The monthly maps for the column were drawn for me by Jim Barker, based on similar, uncredited ones in Dr. Leon Hausman’s “Astronomy Handbook” (Fawcett Publications, 1956). Jim had to redraw or elongate several of them because they were drawn for mid-US latitudes, about 40 degrees North, making them usable over most of the northern hemisphere. The biggest change needed was in November when only Dubhe, Merak and Megrez of the Big Dipper, as the US version called it, were visible at that latitude. In the UK, all the stars of the Plough are circumpolar, always above the horizon. We decided to keep an insert in the January map showing the position of M42, the Great Nebula in the Sword of Orion, and for that reason, to stick with the set time of 9 p.m., (10 p.m. BST in summer), although in Scotland the sky isn’t dark then during June and July.

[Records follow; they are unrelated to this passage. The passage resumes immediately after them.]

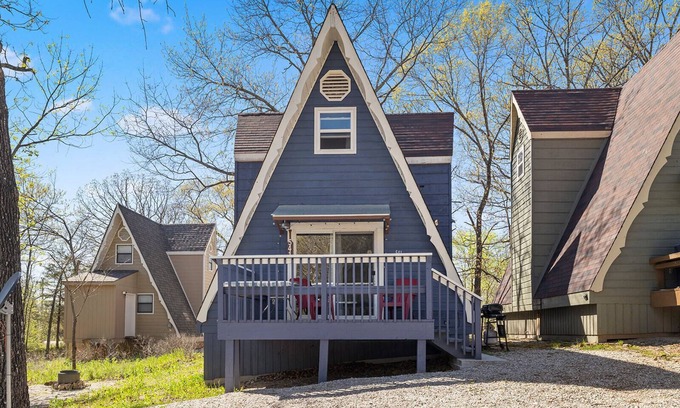 Lampe Cabin | TRL Cabin-Family friendly! Sleeps 6 (4 min. Blk.Oak Am,10 min.Baxter Boat launch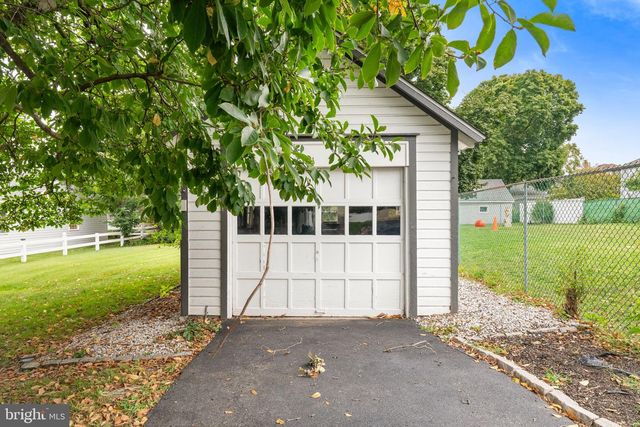 23 W KNOWLES AVE, Glenolden, PA 19036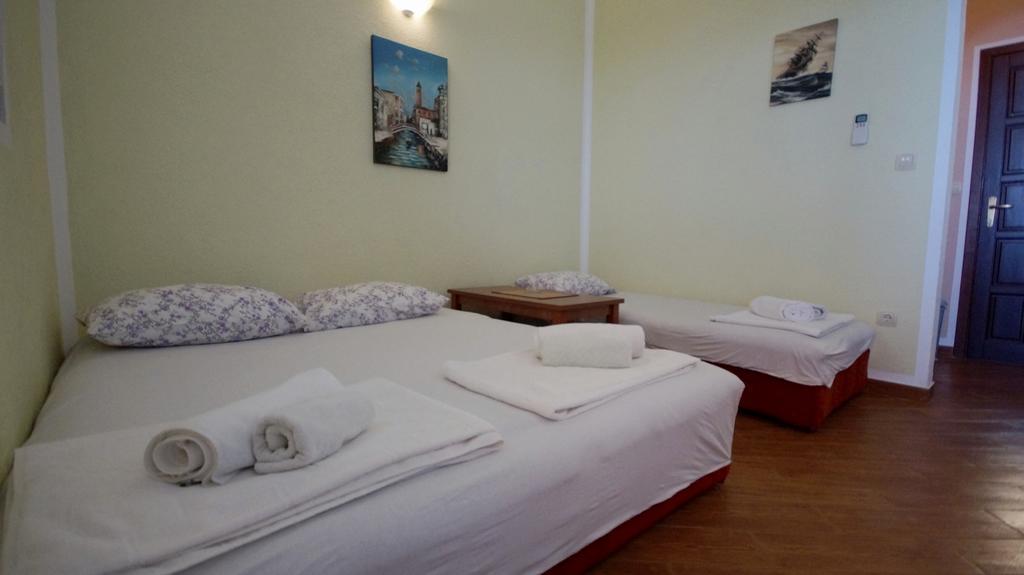 Apartmani Zona Sveti Stefan Esterno foto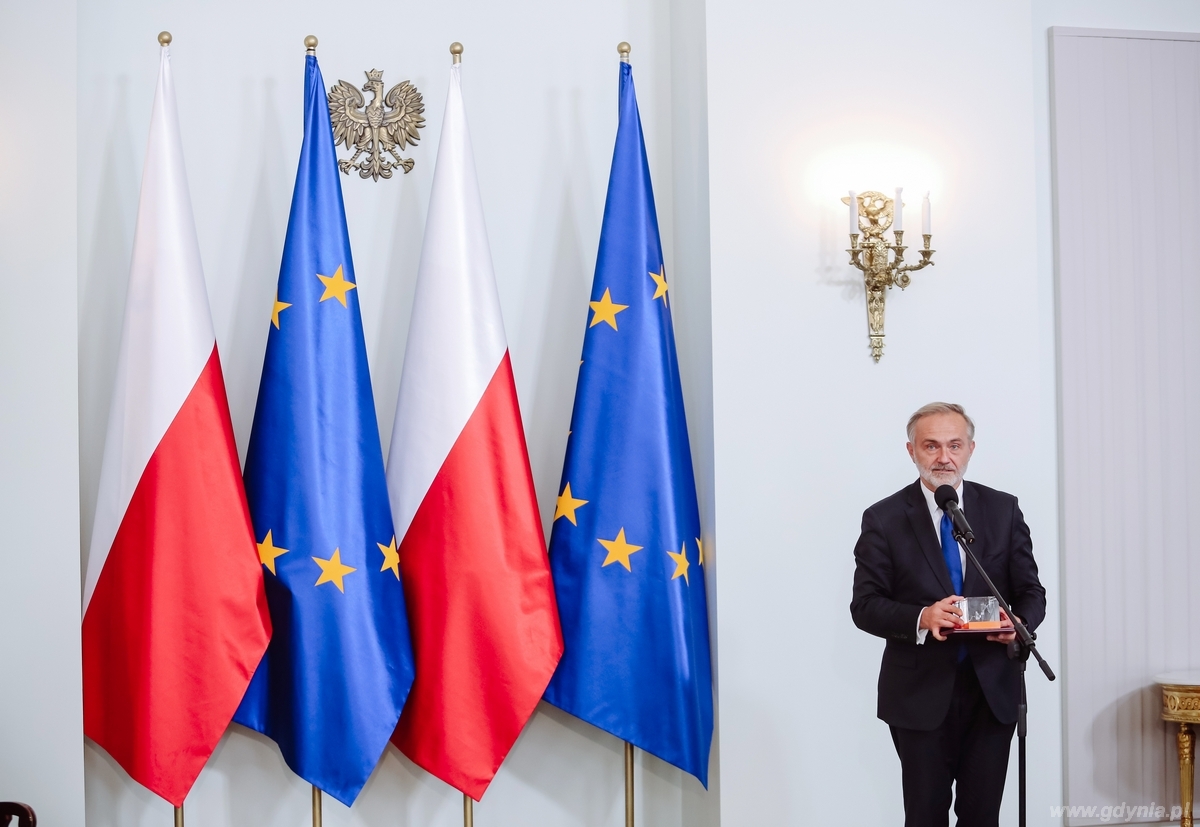 Gala Lider Dostępności. Nagrodę w kategorii Samorząd obiera prezydent Gdyni Wojciech Szczurek / fot. Marta Kuśmierz - Integracja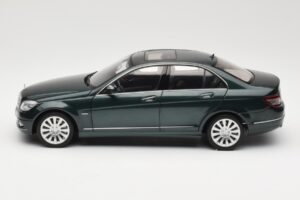 Mercedes C-Class W204 Avantgarde Tumšzaļš AUTOart 1:18 B66962366 Metāls — attēls 4 no 8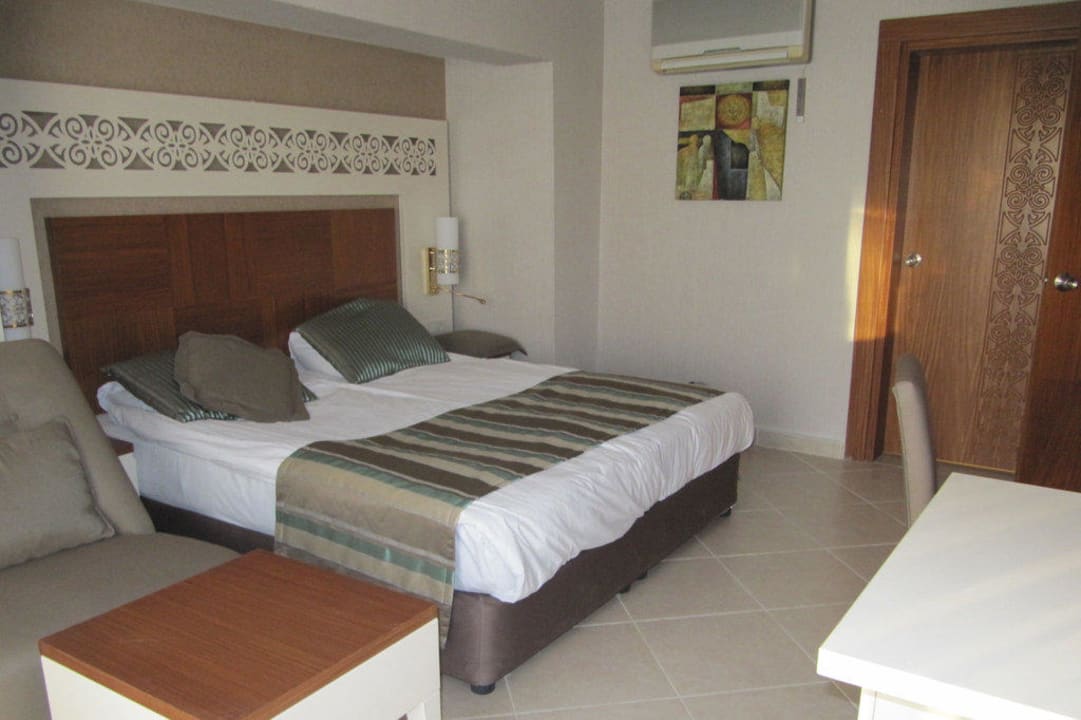 Familienzimmer 1156 Kamelya Aishen Club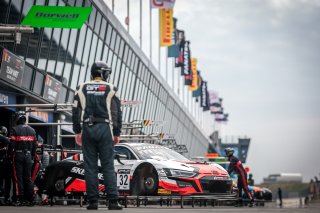 Pitlane, Pre-Qualifying
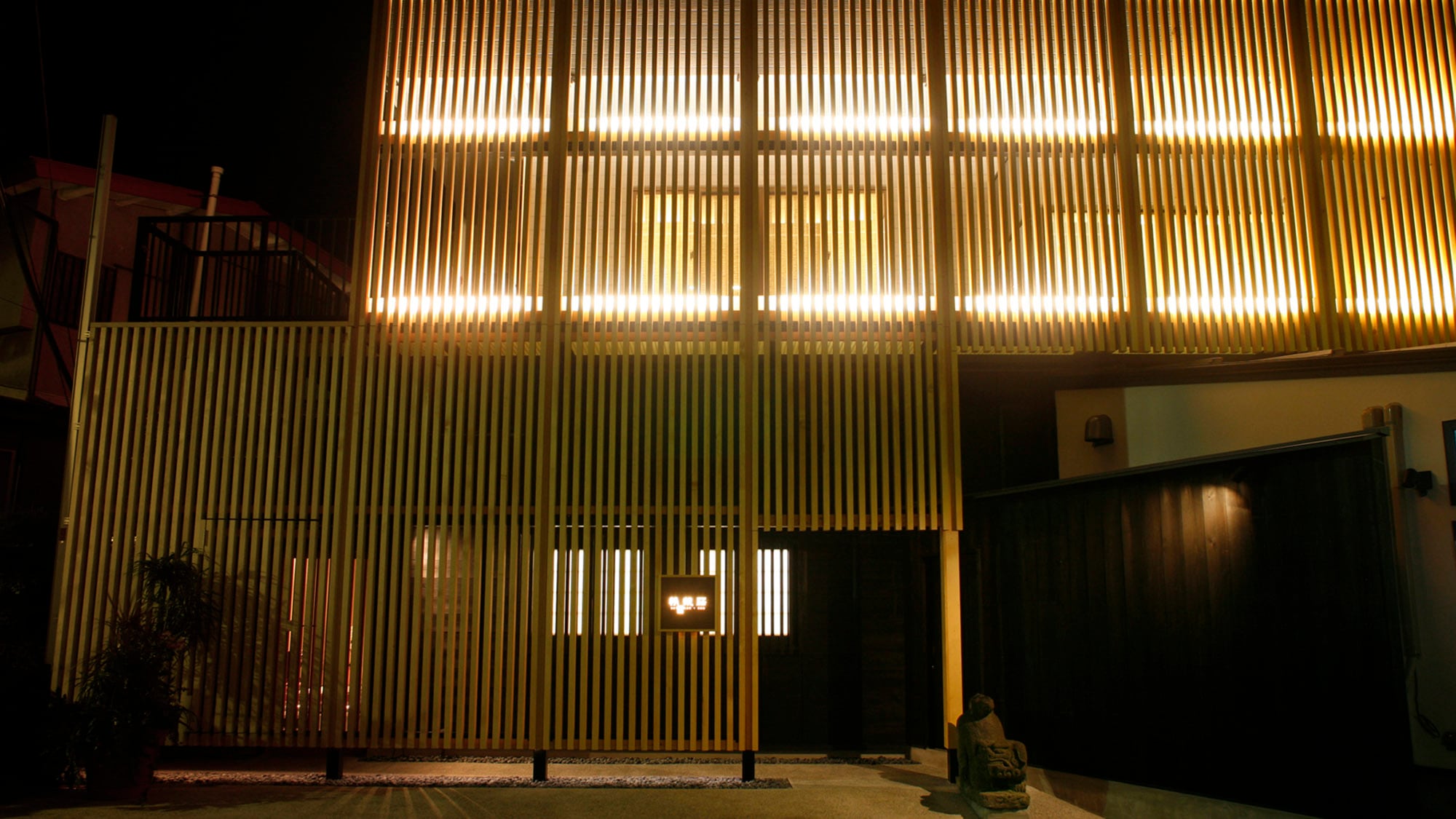 ・[Exterior] Please enjoy a relaxing stay at "Hakone Yumoto Onsen Seikanso" where the warm light will soothe you.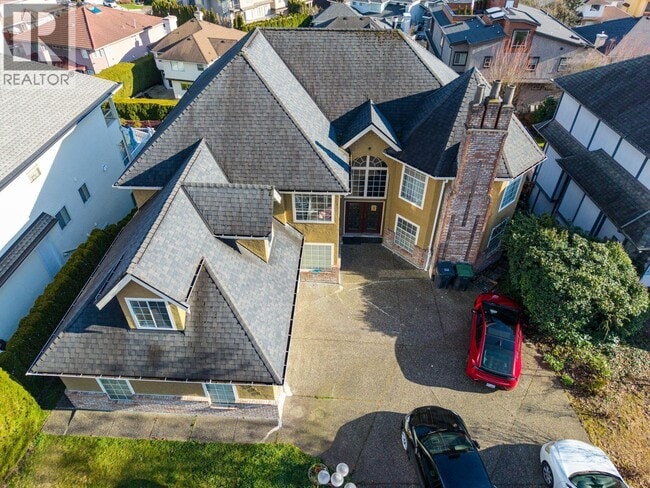 property at 2268 Leclair Dr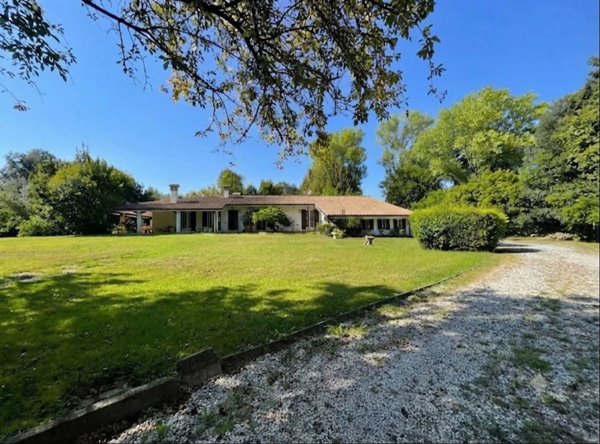 casa indipendente in vendita a Carbonera in zona Pezzan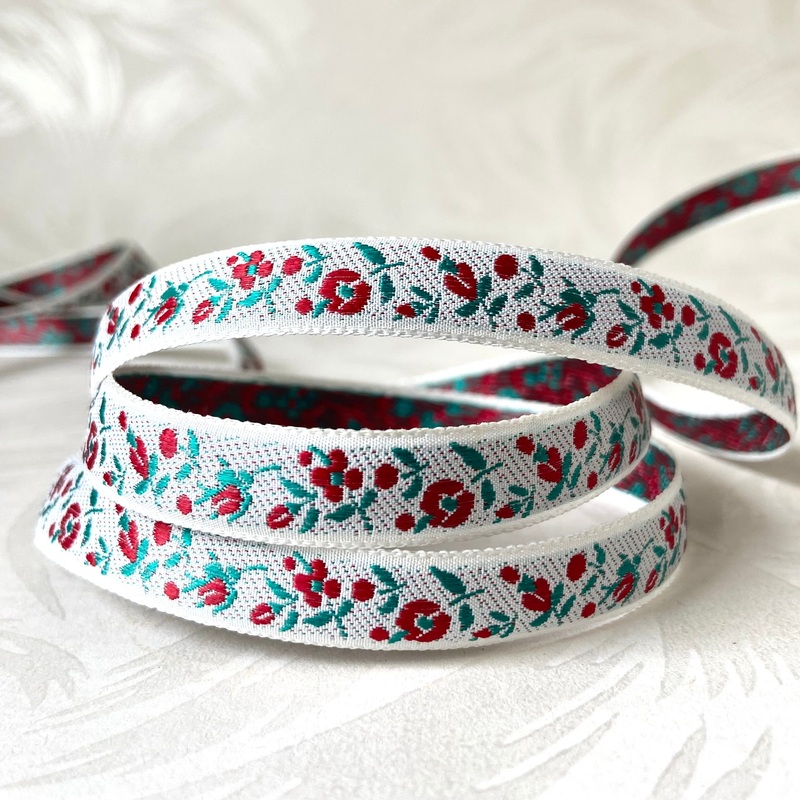 Narrow Scattered Floral Jacquard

To use the maps in theory you should hold them overhead, aligning the North edge to true north, marked by Polaris and indicated by Dubhe and Merak, the Pointers. It’s more practical to hold the map in front of you when looking south and then rotate it as you face east, south and west. Some readers are confused because east is on the left, opposite to terrestrial maps, but that’s because they’re the other way up. When you’re facing south and looking at the sky, east is on your left.
The star patterns are the same for each month of each year, and only the positions of the planets change. (“Astronomy Handbook” accidentally shows Saturn in Virgo during May, showing that the maps weren’t originally drawn for the Hausman book.) Consequently regular readers for a year will by then have built up a complete set of twelve.